Originally posted on The Temple News on February 18, 2020.
As Luke Carlos O’Reilly walks onto the stage of the Perelman Theater at the Kimmel Center, he is greeted by the cheers of hundreds of enthusiastic fourth graders.
O’Reilly, 2004 jazz piano performance alumnus, is a teaching artist in the center’s Jazz4Freedom program, which educates fourth graders from The School District of Philadelphia.
The program spans from December to March and sends teaching artists to various classrooms to educate them about jazz and civil rights concepts, said Susan Quinn, director of education at the Kimmel Center. The artists host dance workshops and poetry writing sessions in the schools, and then bring students to the center for a field trip performance.

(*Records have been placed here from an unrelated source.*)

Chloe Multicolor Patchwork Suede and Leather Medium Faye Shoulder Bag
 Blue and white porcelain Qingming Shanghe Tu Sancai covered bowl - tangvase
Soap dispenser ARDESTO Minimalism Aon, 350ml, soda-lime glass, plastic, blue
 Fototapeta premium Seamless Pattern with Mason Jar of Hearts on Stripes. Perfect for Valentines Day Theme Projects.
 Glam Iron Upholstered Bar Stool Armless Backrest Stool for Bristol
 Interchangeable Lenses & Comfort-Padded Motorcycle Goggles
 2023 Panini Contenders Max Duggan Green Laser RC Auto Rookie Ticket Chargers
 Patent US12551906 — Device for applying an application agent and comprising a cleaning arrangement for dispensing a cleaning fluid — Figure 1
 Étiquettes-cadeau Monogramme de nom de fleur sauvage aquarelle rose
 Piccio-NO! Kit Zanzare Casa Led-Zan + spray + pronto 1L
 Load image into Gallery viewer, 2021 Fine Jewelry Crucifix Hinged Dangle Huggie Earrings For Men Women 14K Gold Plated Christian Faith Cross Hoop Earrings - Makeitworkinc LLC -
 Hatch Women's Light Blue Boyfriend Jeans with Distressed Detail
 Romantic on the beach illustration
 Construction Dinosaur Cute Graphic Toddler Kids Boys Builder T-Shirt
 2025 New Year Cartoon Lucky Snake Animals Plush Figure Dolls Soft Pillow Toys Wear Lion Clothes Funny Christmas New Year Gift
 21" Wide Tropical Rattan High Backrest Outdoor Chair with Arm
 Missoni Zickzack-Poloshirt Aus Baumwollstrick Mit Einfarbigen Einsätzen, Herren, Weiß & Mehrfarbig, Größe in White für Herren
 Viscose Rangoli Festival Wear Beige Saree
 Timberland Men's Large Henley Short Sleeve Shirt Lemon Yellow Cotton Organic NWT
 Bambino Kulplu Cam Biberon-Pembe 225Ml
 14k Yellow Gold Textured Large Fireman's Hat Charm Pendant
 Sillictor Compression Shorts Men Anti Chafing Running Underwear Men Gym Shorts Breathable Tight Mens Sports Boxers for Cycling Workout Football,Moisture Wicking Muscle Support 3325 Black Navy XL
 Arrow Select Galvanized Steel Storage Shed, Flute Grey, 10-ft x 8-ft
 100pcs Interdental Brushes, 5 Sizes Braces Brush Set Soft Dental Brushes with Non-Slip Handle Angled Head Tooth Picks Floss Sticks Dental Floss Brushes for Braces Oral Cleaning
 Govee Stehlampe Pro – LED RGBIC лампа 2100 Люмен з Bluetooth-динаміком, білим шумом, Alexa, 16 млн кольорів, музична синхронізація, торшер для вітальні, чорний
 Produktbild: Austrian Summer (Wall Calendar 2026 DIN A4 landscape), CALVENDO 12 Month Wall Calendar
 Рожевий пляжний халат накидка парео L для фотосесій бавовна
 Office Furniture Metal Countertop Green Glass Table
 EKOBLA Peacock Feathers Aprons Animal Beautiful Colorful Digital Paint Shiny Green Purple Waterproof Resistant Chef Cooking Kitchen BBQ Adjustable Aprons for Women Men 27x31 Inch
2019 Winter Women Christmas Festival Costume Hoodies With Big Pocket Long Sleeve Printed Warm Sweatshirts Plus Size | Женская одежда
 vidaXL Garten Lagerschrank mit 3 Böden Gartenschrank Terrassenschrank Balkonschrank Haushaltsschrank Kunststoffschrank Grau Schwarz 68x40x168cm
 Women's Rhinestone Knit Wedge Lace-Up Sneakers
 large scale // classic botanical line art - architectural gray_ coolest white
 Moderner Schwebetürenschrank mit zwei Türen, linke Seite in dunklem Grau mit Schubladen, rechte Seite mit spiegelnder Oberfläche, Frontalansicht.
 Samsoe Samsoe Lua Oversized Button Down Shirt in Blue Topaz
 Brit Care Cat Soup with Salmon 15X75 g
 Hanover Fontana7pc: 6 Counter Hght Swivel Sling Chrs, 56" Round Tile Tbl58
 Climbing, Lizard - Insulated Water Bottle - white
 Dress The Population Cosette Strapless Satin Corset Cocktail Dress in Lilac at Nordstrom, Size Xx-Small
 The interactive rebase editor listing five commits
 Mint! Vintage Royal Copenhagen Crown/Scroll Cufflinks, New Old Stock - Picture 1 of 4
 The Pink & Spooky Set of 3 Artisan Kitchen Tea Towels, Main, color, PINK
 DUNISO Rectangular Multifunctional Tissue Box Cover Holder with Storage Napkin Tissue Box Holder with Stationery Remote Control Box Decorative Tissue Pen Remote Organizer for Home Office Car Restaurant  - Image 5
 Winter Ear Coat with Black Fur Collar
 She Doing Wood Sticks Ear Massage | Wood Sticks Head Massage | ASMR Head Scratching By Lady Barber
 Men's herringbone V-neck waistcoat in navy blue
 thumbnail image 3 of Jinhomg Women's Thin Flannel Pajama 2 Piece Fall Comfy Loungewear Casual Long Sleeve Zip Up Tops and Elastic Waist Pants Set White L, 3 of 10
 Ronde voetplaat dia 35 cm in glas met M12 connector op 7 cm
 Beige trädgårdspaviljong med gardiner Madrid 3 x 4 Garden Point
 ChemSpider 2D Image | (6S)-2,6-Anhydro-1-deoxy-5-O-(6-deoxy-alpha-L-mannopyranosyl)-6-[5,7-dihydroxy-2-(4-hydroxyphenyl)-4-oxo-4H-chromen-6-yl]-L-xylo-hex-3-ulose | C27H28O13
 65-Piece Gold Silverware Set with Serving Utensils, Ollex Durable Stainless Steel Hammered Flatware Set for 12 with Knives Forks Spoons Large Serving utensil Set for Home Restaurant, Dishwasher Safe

“The coolest part about it is that we’re not going to the schools that can afford it, we’re going to the schools that need it,” O’Reilly said.
O’Reilly, along with other local performers, like jazz singer Warren Cooper, have performed for 300 students in the program’s live show at Perelman Theater. The program displays major elements of jazz, like a jazz quartet, tap dancing and scat singing several times a week for schools including Vare-Washington Elementary and Lewis C. Cassidy Academics Plus School.
Cooper, who’s known O’Reilly for almost 20 years, said they want to use jazz to inspire and pass it on to the next generation, so young people can express themselves.
“The great thing about educating kids about the music is giving them the principles of the base of the music, and equipping them to take the music to wherever the next place is,” Cooper said. “Jazz is an intrinsically organic music, and it’s kind of like tofu. It begins to take on the taste of the things around it.”
At the end of each field trip performance, Jazz4Freedom gives teachers a study guide to help them continue teaching jazz and performance art education. Students also participate in a post-show workshop about social change, according to the program’s website.
Quinn first came up with the idea in 2017 and the program started running last year.
“We looked around the city and the country and figured out what would be the best possible way to engage with the community, and one of the things we came up with were signature programs for fourth, fifth and sixth graders,” she said.
Quinn and her team negotiated with the school board so that the program could go hand-in-hand with what students are learning in class, she said.
“You can’t delve into the culture of Philadelphia without talking about jazz,” O’Reilly said.
O’Reilly, who was inspired by jazz pianist Oscar Peterson at a young age, also teaches jazz programs for preschoolers and high school students at the Kimmel Center.
He believes it is important for children, especially children of color, to understand jazz because of how essential it is in describing Black history in the United States.
“Even if you’re from a different country, jazz encompases so many different artists, so many different types of music, jazz is also a culture,” O’Reilly added.
The Kimmel Center wants to eventually expand the its programs so that it can reach more children, Quinn said.
“They’ve put together a very sound program,” O’Reilly said. “You’ve gotta find the formula to keep certain kids engaged.”